Papa in aereo: no a “balcanizzazione” dell’Europa, sì a “una Chiesa che chiede scusa ai gay”
Ampio colloquio di Francesco con la stampa di ritorno dall’Armenia: dalla questione del genocidio a quella delle diaconesse, dalla scarsa creatività europea alle intenzioni “non sbagliate” di Lutero.
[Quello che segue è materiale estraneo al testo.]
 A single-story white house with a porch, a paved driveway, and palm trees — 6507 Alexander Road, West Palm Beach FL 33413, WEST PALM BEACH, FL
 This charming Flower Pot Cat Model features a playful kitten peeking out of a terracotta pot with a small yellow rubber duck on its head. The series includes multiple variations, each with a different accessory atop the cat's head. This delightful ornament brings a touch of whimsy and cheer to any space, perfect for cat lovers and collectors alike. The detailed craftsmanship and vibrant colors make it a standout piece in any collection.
Fino a Brexit e al rapporto con Benedetto XVI: “Un nonno saggio, ma di Papa ce n’è uno solo”

Viaggio Papa in Armenia
PHOTO.VA - OSSERVATORE ROMANO
Il fatidico “chi sono io per giudicare” riferito alla posizione della Chiesa sulle persone omosessuali, che tanto scalpore aveva creato nella sua prima aereo-intervista da Rio de Janeiro, ritorna a sorpresa nel lungo colloquio che Papa Bergoglio concede ai circa 70 giornalisti che lo hanno accompagnato nel viaggio in Armenia. Colloquio variegato e ricco di spunti, durante il quale, oltre a rispondere a domande su temi prevedibili come Brexit, il genocidio armeno e il Concilio pan-ortodosso, il Papa affronta anche la spinosa questione dell’atteggiamento della Chiesa nei confronti degli omosessuali.
Chiesa chieda scusa ai gay per emarginazione. Ma anche a poveri e donne e bambini sfruttati…
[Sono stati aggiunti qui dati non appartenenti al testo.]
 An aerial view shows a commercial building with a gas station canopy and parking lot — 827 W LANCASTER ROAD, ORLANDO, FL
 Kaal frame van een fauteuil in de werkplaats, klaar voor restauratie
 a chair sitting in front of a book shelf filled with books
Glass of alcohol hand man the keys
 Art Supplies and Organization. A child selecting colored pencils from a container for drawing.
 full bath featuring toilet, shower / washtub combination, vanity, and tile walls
L’input sono le recenti dichiarazioni del card. Marx che, all’indomani della strage di Orlando, aveva affermato che la Chiesa cattolica deve chiedere scusa alla comunità gay per aver marginalizzato queste persone. Francesco replica ripetendo il Catechismo: “Queste persone non vanno discriminate, devono essere rispettate e accompagnate pastoralmente”. “Si possono condannare, non per motivi ideologici, ma per motivi di comportamento politico, certe manifestazioni troppo offensive per gli altri. Ma queste cose non c’entrano, il problema è una persona che ha quella condizione, che ha buona volontà e che cerca Dio”. Quindi, di nuovo il Papa ribadisce: “Chi siamo noi per giudicare? Dobbiamo accompagnare bene… Io credo che la Chiesa, o meglio i cristiani perché la Chiesa è santa, non solo devono chiedere scusa come ha detto quel cardinale ‘marxista’, ma devono chiedere scusa anche ai poveri, alle donne e ai bambini sfruttati, devono chiedere scusa di aver benedetto tante armi, di non aver accompagnato tante famiglie. Perdono Signore, è infatti una parola che dimentichiamo”.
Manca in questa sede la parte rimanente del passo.